Roy started her own Aunty Skates website and hosts skate events, which include group classes in Toronto sponsored by major skateboarding brands like Madness Skateboards. She plans to expand these across North America once public health concerns ramp down. 

At these events, intentional judgment-free zones, she interacts with people of all ages and backgrounds. She’s received comments from older parents at the skateparks, apologizing for ridiculing her or asking for advice to get started themselves. And her online messages are filled with people from around the world who are pursuing their passions because of her content. Before our interview, she got a letter from a young man based in India who told her he wanted to pursue a music career despite his family’s objections. “​​He said, ‘I’ve seen your videos, and I’m watching you, and you inspired me. I went back to my parents, and I fought with them. They finally said yes,'” Roy relayed.

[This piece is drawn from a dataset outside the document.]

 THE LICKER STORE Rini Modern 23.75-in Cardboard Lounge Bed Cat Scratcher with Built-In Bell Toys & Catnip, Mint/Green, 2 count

She thinks taking on these passions as an adult is an extremely powerful experience. “I think the fact that I never skateboarded as a child was almost to my benefit, because I had no expectations of trying to get back to where I was. Any step I take is a step forward, and it’s joyful. So I celebrate every single small win I make while skateboarding,” Roy said. 

She also firmly believes that embracing these hobbies publicly has a positive effect on her (and potentially others’) mental health. “You’re working forward, you’re working towards something, you’re finding success and things on your own,” she said.


It’s hard for you to go out there as an adult and take [lessons], but you’re doing it. And you need to be encouraged.

A sense of adult obligation and the stereotypes that accompany one’s identities might explain why so many avoid sharing their hobbies publicly, like Roy. And why, in 2020, news outlets devoted headlines to the adults that started crafting or made baking accounts on Instagram. Why young women roller skating at the park kept going viral on TikTok. People were embracing what they loved regardless of expectation. “When you’re allowing yourself these moments to be vulnerable and try something new, the reward is quite high. It’s worth taking a video and sending it to everybody,” she said.

I can relate to Roy’s videos. Aging through my twenties, I’ve decided to embrace the things that bring me joy, without embarrassment. This year I pledged to take on the once-monumental task of learning how to play the drums. So far, I’ve just been doing online tutorials and can play a few simple beats. I shared this aspiration with her. “It’s hard. It’s hard to go out there. It’s hard for you to go out there as an adult and take music lessons, but you’re doing it. And you need to be encouraged,” Roy said. 

Roy infuses her TikTok videos with this energy. She’s a confident person, a fun mom, a supportive Aunty no matter your experience. She is inherently motivational, wanting genuinely to help people overcome the expectations to conform to a certain stereotype. 

Personally, she’s reminding me that my fear of failure as an adult woman trying a new hobby is not embarrassing. “Failure isn’t the end, it’s just part of the journey. It’s progress,” she told me. “You know, if you have a video that you want to share with me of your drums that you’re proud of, I will be your hype woman. I promise.”